Peran Zinc dalam Pembuahan Sel Telur oleh Sperma

Penelitian terbaru National Institutes of Health menemukan sesuatu yang mengejutkan ketika mereka melihat detik-demi-detik proses fertilisasi telur. Gambar di sebelah kiri yang menakjubkan disini menunjukkan bahwa dalam detik-detik saat sperma bertemu telur, telur melepaskan sejumlah besar mineral zinc (terlihat pada cahaya berpendar disekitar sel telur yang mereka sebut “pendaran zinc”). Studi ini menunjukkan bahwa Zinc memainkan peranan yang sangat dramatis dalam proses pembuahan.

Untuk melakukan studi ini, para ilmuwan telah menggunakan bantuan mikroskop dapat melihat konsentrasi dan distribusi dari atom Zinc dalam sel-sel individual. Dengan bantuan bahan kimia yang mengeluarkan cahaya bila terkena Zinc, para peneliti mendokumentasikan pendaran cahaya 20 menit setelah pembuahan. Kebanyakan telur yang dibuahi melepaskan zinc dalam dua atau tiga putaran, selama setiap 10 menit.
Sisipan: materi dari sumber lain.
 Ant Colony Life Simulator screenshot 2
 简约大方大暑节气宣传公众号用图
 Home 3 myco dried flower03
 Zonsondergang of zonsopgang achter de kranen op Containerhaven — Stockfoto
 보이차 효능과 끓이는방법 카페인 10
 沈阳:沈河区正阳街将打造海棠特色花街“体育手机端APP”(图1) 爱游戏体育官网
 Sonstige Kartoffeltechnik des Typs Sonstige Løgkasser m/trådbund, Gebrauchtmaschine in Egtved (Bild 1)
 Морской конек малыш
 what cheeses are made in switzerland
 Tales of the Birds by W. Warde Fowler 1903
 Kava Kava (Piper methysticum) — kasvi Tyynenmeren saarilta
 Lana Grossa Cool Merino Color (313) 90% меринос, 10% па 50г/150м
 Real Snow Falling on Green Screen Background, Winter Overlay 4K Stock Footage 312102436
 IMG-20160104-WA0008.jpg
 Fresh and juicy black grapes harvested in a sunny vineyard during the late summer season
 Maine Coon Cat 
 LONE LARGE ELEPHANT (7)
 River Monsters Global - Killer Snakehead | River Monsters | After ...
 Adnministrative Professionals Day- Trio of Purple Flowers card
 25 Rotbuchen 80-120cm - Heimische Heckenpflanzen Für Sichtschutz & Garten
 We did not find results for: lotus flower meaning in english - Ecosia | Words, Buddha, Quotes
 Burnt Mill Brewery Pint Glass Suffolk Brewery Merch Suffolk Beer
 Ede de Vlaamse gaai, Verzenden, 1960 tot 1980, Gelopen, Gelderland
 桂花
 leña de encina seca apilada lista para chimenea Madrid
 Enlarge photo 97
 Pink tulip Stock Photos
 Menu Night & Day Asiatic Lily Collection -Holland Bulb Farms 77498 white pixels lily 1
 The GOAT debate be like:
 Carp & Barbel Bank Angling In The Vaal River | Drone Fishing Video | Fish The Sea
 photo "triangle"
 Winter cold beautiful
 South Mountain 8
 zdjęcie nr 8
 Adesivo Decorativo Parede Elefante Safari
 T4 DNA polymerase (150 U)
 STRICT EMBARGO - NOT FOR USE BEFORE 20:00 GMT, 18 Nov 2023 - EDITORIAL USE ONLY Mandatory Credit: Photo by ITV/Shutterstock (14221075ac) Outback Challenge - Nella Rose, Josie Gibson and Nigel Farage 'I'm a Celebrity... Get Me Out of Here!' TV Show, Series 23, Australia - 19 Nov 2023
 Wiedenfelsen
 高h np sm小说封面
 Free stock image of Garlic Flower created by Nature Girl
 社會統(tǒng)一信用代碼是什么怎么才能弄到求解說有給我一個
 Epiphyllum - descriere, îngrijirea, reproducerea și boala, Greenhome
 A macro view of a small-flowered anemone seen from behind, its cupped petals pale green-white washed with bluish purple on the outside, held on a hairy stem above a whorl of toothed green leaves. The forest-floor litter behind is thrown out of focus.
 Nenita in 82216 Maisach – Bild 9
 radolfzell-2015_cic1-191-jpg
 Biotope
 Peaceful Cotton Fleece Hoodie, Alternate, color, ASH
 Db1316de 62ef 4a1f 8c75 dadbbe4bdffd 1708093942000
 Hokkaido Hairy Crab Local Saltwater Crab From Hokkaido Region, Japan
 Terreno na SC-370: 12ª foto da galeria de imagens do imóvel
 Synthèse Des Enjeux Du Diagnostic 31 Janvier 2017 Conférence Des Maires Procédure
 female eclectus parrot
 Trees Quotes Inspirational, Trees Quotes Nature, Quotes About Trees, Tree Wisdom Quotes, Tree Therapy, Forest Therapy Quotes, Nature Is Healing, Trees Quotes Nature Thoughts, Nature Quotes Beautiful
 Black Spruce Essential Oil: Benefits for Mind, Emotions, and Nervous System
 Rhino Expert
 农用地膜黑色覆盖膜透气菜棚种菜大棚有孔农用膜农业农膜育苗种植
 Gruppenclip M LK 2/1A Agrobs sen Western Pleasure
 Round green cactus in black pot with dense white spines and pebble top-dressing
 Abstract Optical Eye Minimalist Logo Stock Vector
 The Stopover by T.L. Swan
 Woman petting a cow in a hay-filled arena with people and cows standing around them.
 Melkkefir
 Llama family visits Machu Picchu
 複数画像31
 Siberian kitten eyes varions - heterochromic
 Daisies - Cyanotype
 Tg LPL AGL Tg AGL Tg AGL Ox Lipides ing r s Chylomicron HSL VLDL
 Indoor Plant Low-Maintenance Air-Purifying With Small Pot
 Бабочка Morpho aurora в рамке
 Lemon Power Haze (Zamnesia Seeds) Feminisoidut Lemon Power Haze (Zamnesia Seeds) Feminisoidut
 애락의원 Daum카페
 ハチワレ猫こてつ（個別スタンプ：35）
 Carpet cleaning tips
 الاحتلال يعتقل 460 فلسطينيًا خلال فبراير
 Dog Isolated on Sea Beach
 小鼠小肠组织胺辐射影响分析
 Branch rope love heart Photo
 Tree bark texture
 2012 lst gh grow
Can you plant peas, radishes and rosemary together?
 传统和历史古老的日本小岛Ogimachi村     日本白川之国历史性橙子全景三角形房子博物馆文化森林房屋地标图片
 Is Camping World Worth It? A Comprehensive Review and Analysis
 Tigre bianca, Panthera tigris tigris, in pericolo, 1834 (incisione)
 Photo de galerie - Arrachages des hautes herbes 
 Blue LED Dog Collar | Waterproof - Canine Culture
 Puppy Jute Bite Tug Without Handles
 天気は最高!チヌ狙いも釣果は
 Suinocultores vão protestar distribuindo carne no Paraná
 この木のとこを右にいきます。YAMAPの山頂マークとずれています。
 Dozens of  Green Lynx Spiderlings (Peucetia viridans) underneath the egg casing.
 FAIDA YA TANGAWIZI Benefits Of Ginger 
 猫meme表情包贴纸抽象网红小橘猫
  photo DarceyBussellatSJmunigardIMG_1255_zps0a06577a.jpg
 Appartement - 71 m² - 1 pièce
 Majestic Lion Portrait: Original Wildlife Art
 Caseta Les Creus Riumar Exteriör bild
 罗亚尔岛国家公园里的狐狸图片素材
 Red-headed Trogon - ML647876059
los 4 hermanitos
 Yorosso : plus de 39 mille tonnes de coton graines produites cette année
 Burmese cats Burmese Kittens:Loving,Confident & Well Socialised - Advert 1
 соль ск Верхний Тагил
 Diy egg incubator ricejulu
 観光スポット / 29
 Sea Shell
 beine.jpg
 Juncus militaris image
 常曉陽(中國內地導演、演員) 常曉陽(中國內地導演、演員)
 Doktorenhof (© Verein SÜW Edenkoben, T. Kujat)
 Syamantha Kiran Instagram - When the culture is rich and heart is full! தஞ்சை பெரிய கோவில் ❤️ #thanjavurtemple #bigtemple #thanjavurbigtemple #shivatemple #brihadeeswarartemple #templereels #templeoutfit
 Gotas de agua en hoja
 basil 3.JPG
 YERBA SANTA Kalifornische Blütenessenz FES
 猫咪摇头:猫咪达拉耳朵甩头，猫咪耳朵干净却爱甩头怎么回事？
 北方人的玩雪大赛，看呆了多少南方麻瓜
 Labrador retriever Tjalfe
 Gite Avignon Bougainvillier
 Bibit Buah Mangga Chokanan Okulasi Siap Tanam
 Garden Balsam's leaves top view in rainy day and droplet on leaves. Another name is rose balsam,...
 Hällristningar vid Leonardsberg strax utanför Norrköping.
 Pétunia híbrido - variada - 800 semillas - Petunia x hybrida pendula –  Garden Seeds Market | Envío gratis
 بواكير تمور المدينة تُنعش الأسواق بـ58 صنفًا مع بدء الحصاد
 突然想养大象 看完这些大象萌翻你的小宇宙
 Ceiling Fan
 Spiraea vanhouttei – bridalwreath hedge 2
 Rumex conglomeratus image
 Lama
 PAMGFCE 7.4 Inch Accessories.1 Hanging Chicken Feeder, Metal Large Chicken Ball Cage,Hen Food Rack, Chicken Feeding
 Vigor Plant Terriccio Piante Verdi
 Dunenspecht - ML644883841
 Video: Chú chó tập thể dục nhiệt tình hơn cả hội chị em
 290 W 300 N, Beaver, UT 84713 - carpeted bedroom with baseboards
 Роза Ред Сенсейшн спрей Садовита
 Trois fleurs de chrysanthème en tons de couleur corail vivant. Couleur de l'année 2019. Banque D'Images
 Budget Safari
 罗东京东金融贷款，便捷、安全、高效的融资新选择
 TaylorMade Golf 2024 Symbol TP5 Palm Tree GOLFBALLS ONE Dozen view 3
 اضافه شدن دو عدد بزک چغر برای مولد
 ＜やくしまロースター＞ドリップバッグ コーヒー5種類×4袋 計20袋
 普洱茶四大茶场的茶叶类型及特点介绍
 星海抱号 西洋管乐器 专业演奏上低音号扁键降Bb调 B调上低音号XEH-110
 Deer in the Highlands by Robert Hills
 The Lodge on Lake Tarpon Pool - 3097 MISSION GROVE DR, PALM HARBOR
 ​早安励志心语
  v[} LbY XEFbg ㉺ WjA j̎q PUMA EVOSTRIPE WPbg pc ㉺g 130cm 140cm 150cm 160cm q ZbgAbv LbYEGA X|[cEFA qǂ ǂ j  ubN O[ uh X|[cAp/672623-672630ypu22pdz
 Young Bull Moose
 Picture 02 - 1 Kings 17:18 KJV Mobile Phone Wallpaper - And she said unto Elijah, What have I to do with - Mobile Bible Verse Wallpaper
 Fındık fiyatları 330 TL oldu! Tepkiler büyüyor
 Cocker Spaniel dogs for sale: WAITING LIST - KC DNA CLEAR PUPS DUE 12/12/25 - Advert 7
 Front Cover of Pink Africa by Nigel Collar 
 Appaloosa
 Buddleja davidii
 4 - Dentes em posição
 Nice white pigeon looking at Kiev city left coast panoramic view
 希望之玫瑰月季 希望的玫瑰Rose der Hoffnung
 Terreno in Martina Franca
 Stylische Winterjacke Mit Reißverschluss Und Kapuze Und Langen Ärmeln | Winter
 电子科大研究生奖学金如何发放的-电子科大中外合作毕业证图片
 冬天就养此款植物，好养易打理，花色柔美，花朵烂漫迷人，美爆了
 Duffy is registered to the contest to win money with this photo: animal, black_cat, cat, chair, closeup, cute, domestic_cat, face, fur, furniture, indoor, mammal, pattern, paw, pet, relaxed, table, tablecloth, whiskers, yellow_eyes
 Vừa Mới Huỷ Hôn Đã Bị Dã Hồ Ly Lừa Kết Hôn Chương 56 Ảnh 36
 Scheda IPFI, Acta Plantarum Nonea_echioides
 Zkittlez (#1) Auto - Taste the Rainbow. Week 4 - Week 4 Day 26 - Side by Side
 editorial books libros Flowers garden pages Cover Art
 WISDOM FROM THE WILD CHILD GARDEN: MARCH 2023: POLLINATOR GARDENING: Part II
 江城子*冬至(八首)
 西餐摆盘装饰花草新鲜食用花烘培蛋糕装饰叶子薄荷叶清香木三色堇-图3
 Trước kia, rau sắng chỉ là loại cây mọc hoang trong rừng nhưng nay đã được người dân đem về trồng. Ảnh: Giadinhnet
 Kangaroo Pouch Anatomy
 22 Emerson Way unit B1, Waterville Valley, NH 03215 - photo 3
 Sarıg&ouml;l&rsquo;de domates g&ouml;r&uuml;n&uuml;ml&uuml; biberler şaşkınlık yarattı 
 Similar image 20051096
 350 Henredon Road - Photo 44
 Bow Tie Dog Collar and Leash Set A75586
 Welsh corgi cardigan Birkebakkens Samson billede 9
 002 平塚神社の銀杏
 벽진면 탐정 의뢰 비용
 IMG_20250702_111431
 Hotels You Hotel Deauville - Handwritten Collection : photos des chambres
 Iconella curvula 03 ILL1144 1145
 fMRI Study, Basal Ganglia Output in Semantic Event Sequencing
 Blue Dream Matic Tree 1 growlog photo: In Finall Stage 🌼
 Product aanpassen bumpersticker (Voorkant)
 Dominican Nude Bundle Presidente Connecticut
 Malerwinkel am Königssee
“Jumlah, waktu dan intensitas zinc dapat memberitahu kita tentang kualitas telur, yang akan menjadi area penting bagi penelitian selanjutnya, kata Dr. O’Halloran. “Penting juga bagi kita untuk meneliti apakah jumlah zinc yang dikonsumsi calon orangtua cukup untuk menjamin kesuburan mereka.”

Tambahan percobaan membantu memastikan peran Zinc dalam proses pembuahan. Biasanya, setelah sel telur dilepaskan dari indung telur, ia harus menyingkirkan kelebihan kromosom dalam dua tahap agar ia dapat mempersiapkan diri untuk melebur dengan sperma yang akan membuahinya. Penelitian sebelumnya menunjukkan bahwa akumulasi awal Zinc sangat penting untuk benarmenyelesaikan tahap pertama. Jika sel telur dibuahi, zinc akan dilepas kembali, Sel membuang kelebihan materi genetik dan mulai membelah diri menjadi embrio.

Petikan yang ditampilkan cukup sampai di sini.